|Courtesy Mad Penguin Creative|
I bet you heard Forrest Gump opine that life is like a box of chocolates, didn't ya? Well, I think he was wrong. I think life is more like an earthquake. I didn't think too much about that till today. Guess you heard about it. The earth around here shook for a while. Actually, even tho' it was not all that earthshaking, it went on a little too long for my comfort. Now that the novelty of it has worn off, I'd just as soon not feel that again.
One of my friends suggested it wasn't really an earthquake...just me, the fraidy cat, shaking with fear about something. Funny thing, about the time she said that, I had realized I was on the verge of having a mild panic attack. The thoughts of 'what if' had just begun to filter into the tail end of my day. Thankfully, her comment made me laugh and broke the spell as it were. I guess I owe her a box of chocolates. But, I digress.
After I quit laughing, I started thinking about how folks in such a close area had experienced the tremors in such different ways. Friends on one block were completely oblivious while some on the next heard a loud BANG followed by shaking. Son #1 thought our washer was off balance. I thought he had suddenly taken up Zumba in the privacy of his room. One friend's cabinet doors opened and closed while she grabbed the fishbowl before it crashed to the floor. At my husband's chemical plant, machinery caused vibrations are so common that most didn't even stop their work to note the occasion even tho' they felt the tremors.
As I watched the Facebook status threads burst into a frenzy of reporting, I realized there were as many different experiences and reactions as there were people. One phenomenon reverberated up and down the east coast of the US in limitless ways. I guess it isn't all that profound an observation, but isn't that just like life? One event has the power to impact many, many people. Yet, everyone feels the effects differently.

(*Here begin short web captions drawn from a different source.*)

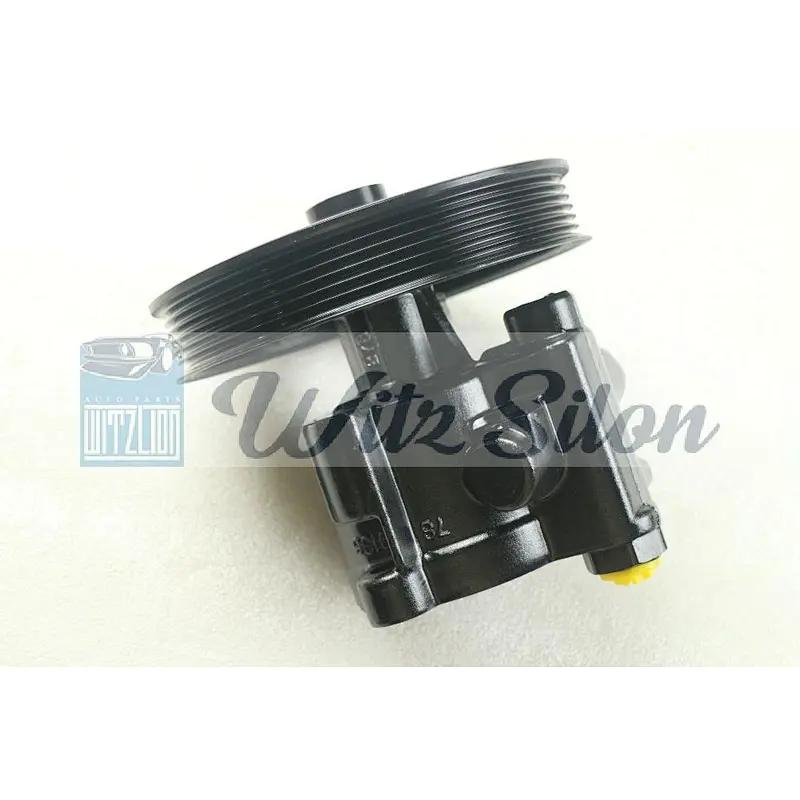 Power Steering Pump Fit For Holden Commodore PSP-DTP-9600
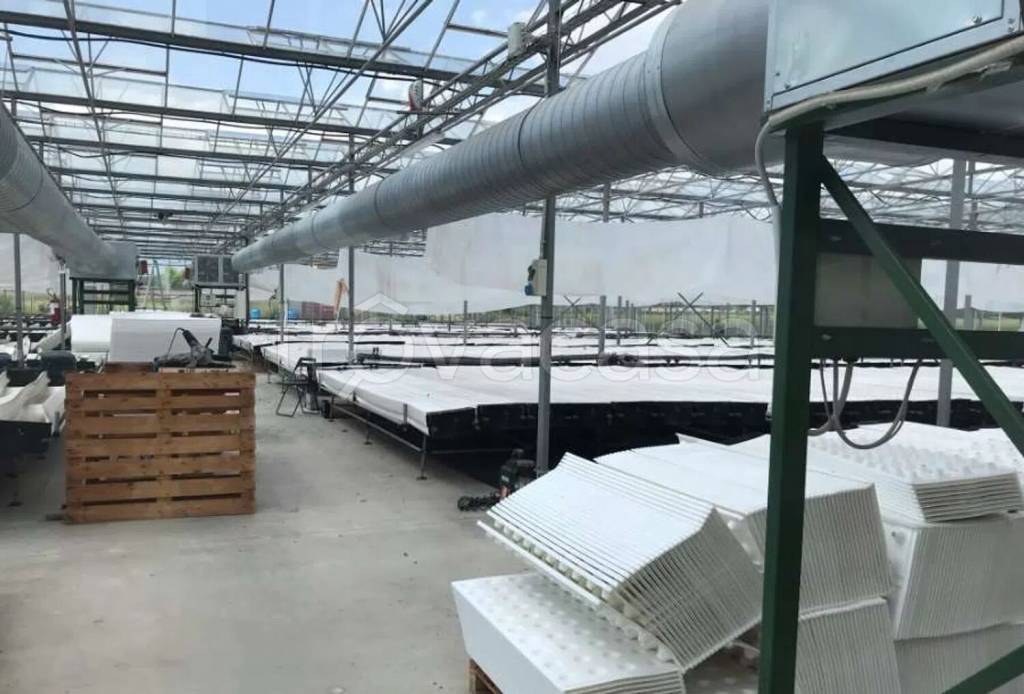 immagine annuncio 9 di 13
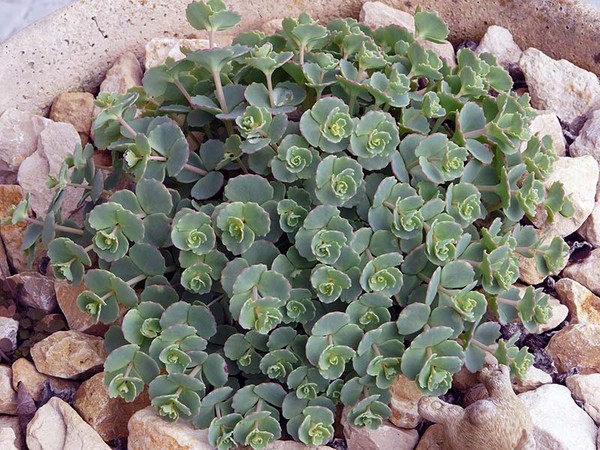 ¡Limpieza, sedum, hierba de liebre! Cultivo de suculentas en el macizo de flores y en el alféizar de la ventana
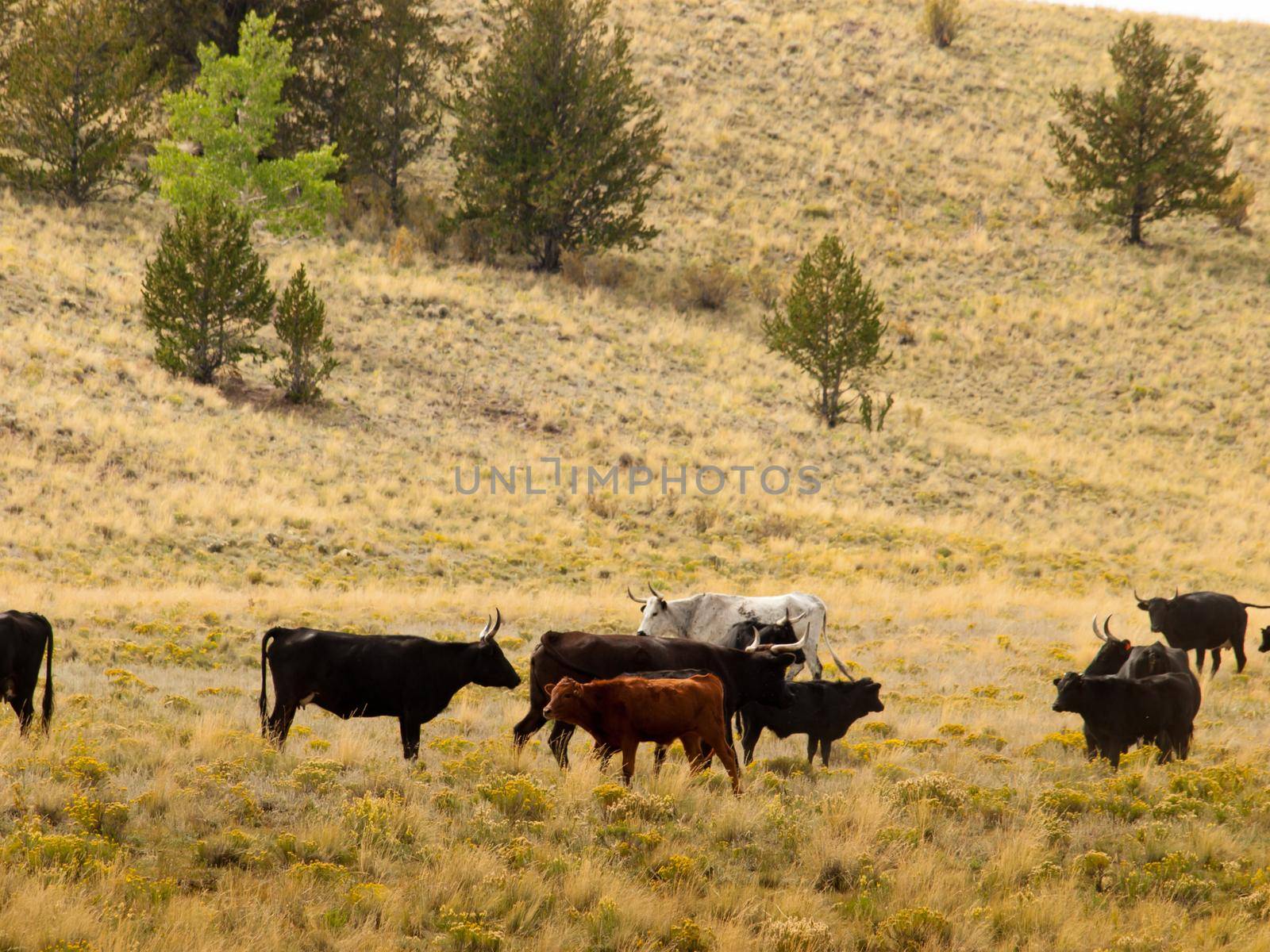 Cattle on the open range in Colorado.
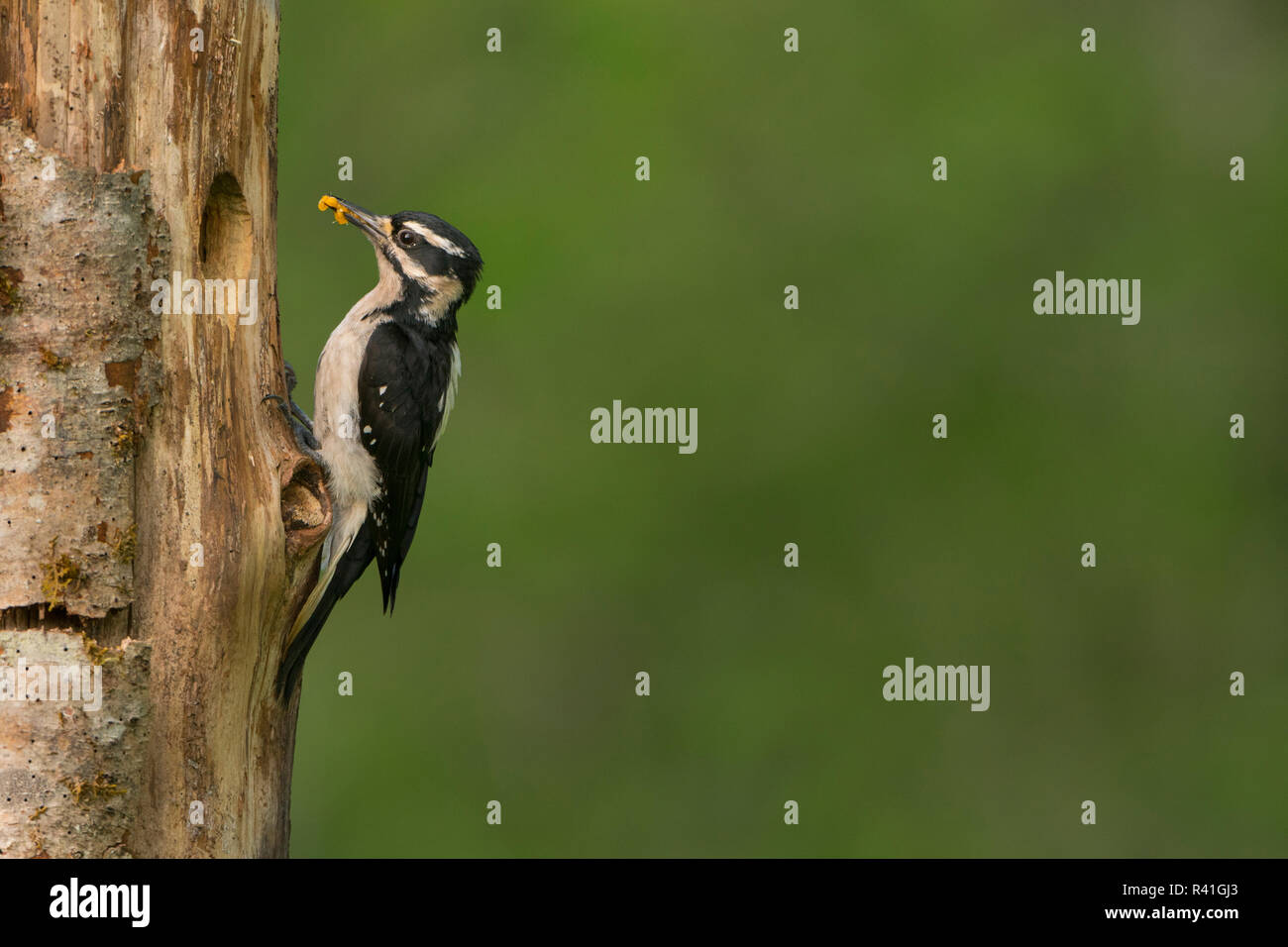 USA, Washington State. Female Hairy Woodpecker (Picoides villosus) with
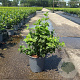Philadelphus Pearls of Perfume 50-60 cm 6,5L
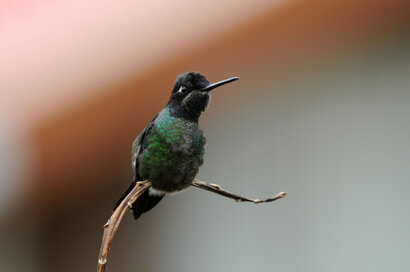 Colibri insigne - Panterpe insignis - Fiery-throated Hummingbird (50).jpg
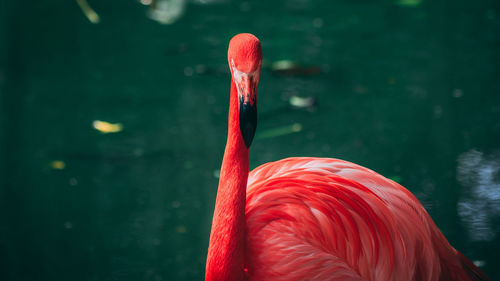 Close-up of a bird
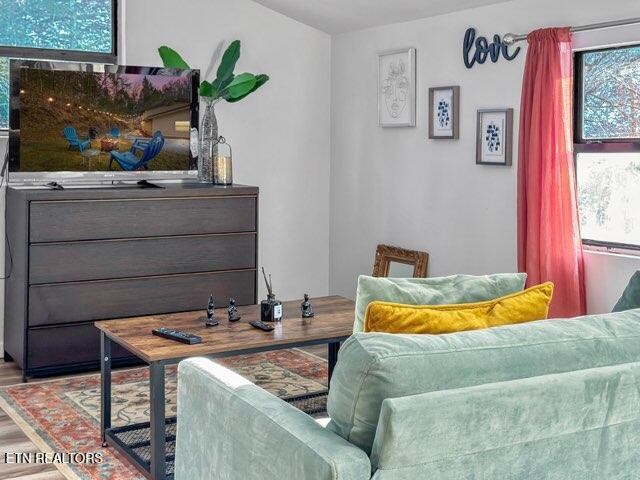 4204 Dellinger Hollow Road, Unit 2 Sevierville, TN 37863 - Photo 6 of 13 a bedroom with a bed and a potted plant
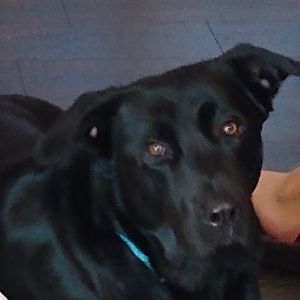 Meet your Posher, Lynn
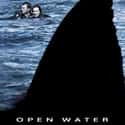 Metacritic score: 63 Open Water is a 2003 drama psychological horror film loosely based on the true story of an American couple, Tom and Eileen Lonergan, who in 1998 went out with a scuba diving group, Outer Edge...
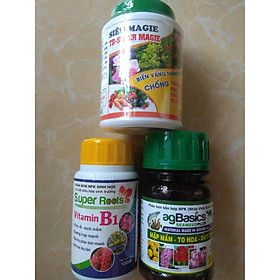 Mua Bộ sản phẩm dưỡng cây chăm sóc cây sứ thái (Ag Basics+super Mg+B1 Super roots ) - 100ml/chai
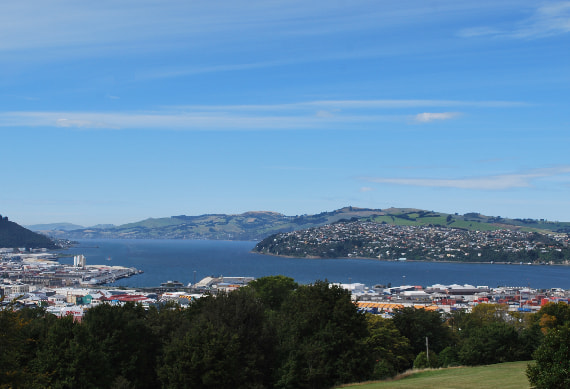 Dunedin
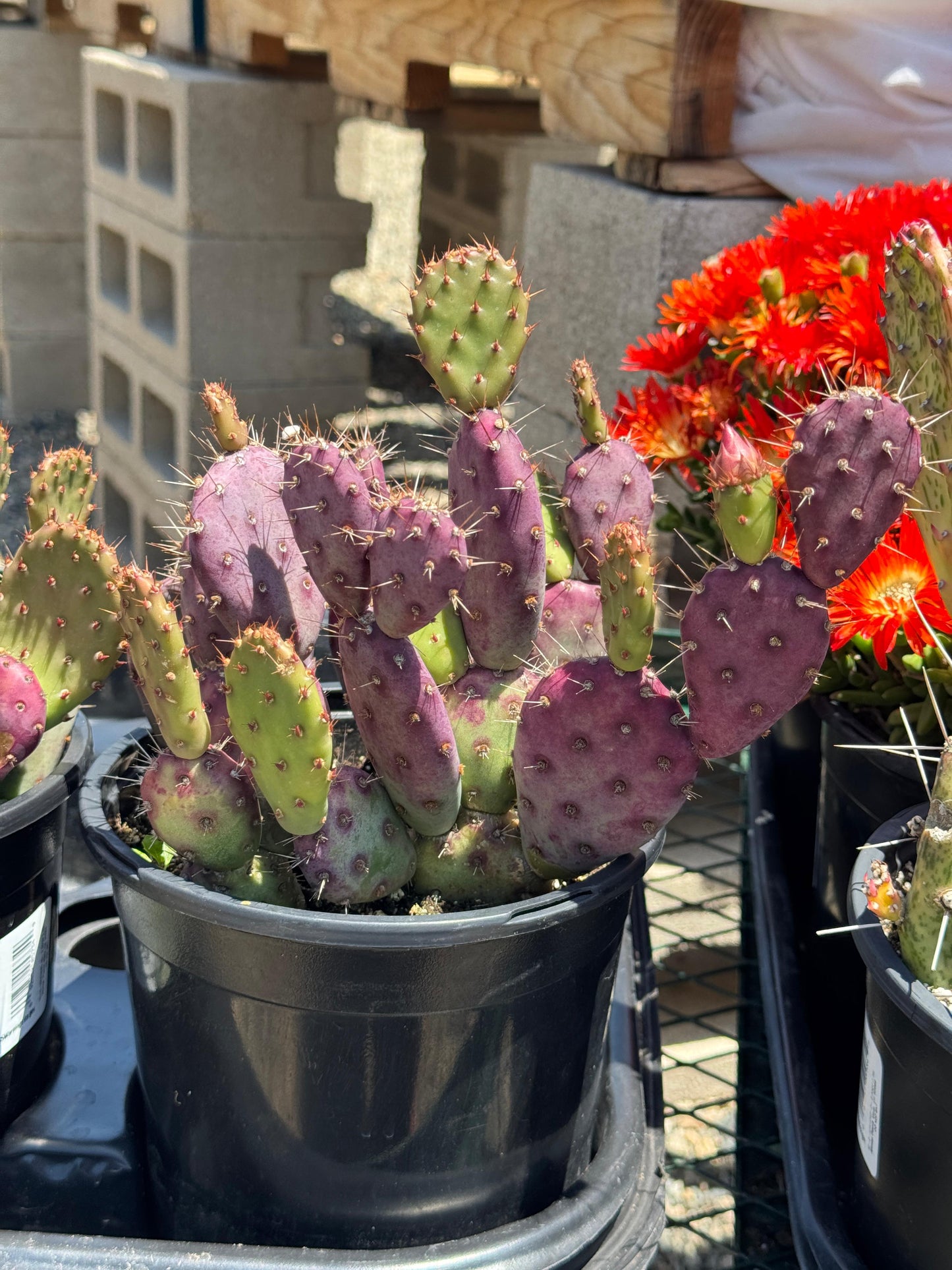Opuntia baby Rita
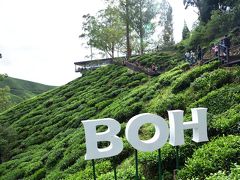 3日目！
朝食をホテルで済ませ9時半頃、BOH Teaの茶畑センターへ。
BOH Teaは90年以上創業を続けるマレーシア随一の紅茶メーカーです。その茶畑及びビジターセンターがキャメロンハイランド にあります。
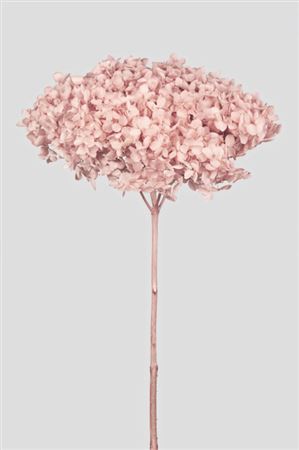 Preserved Hydrangea Annabelle Pastel Pink
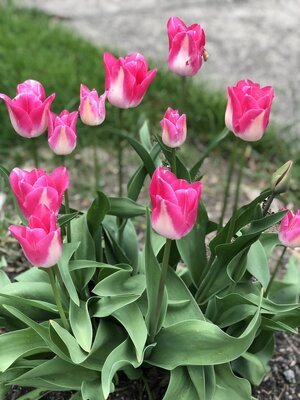 pink+tulips.jpg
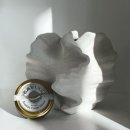 알이 하우스 이미지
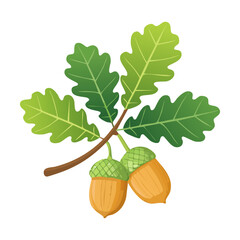 Vibrant oak leaves and acorns for seasonal autumn festival banners nature conservation awareness campaigns botanical research publications and forest theme decor graphics © color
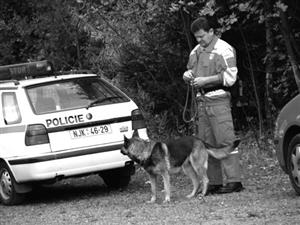 Při pátrací akci bylo sestaveno pět týmů, které prohledávaly 1 200 metrů koridoru v šířce jednoho kilometru.<br/>                                                                                                           
FOTO: ILONA MAZALOVÁ
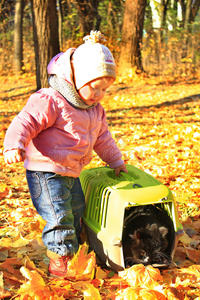 宝贝在秋天的公园里和她的猫在笼子里玩耍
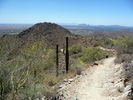 photo thumbnail #3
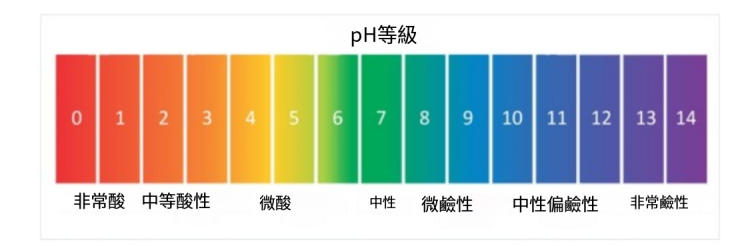 什麼是pH值？概念、測量儀器、pH值標度、酸性和舉例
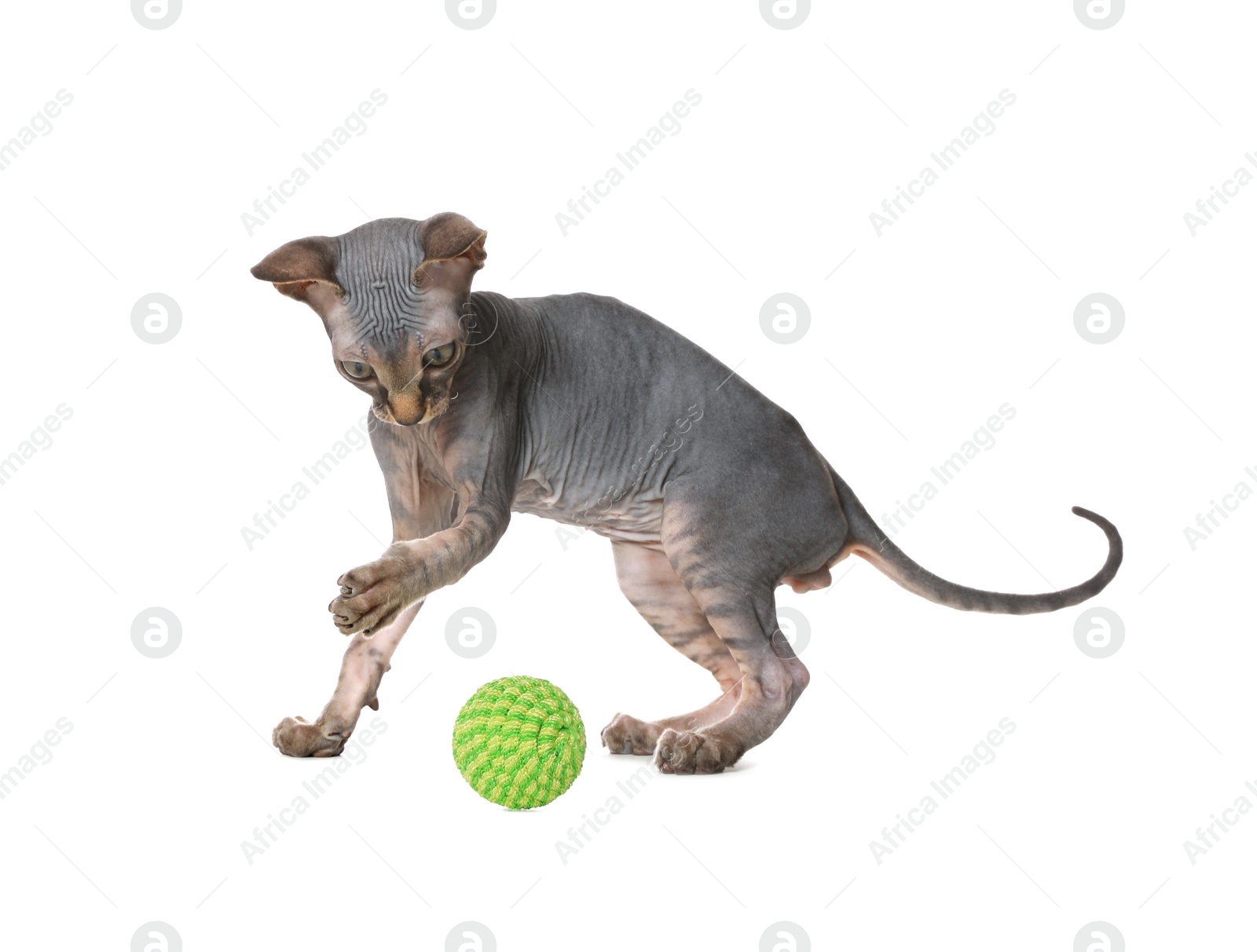 Photo of Adorable Sphynx kitten playing with toy on white background. Baby animal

I've had a lot of reason to think about the earthquakes of life this last 10 days or so. I've been up close and personal with the monster in the shadows of our life. Or rather, I've been confronted with the sticky tentacles which thread in and out and up and down in our life because of the legacy the monster left behind. If you were sitting here beside me, you could hear me groan softly as I type these words. I never thought I'd have writer's block, but the stress has been utterly draining. Even words fail me now. That's saying a lot for someone who is never at a loss for them.
From the outside looking in, I can see the devastation left behind by the monster. To you, the fault lines would be invisible, but I can trace them with my eyes closed. The monster has affected my husband and our family. The monster has robbed us of who we could have been even tho' we have survived far beyond what others might have in our shoes. We continue to mount a valiant struggle to live beyond the trauma. And yet, we are never quite free.
There are others who bear unique scars as well. While we are never completely free, they remain totally imprisoned and unable to reach out for help in a constructive way. So deep is the pain that denial, avoidance, and control are the only ways to cope. I fear the end result may be disaster if help does not come quickly enough. It seems death is literally at the prison door. It's enough to make a fraidy cat tremble.
As I talked with Jeff about the situation, we wondered why he had the resilience to reach out, and keep reaching out, for help until he could tell the truth. Why was he able to when others equally affected were not?
He noted a pattern of reaching out for help with one hand while simultaneously pushing help away with the other. His voice dropped to a whisper, “Yea, I'm real good at reaching out with one hand while I push someone away with the other.” I was afraid to breathe too deeply lest I scare the truth away. It was the first time he had been able to verbalize his tendency to do so. Every time I almost give up, there is reason to hope again and to keep on going even when logic may tell me to give up.
The earthquake in our lives, and the monster who triggered it, has gone unnoticed by some and unacknowledged by others. There are those who are angry because we chose to confront the truth head on and won't back down. Some deny, some avoid, others do damage control. Our lives are bound together by the commonality of experience and pushed apart by the way each individual copes with the aftermath of our earthquake.
Our best hope is that one day, somehow, our courage will empower those still imprisoned to reach out for help in constructive ways. We can only hope that help comes before it is too late. Tonight, the fraidy cat in me can only groan softly, “Even so, Lord, let it be....”
|Courtesy Mad Penguin Creative|
Though the mountains be shaken and the hills be removed, yet my unfailing love for you will not be shaken nor my covenant of peace be removed," says the LORD, who has compassion on you.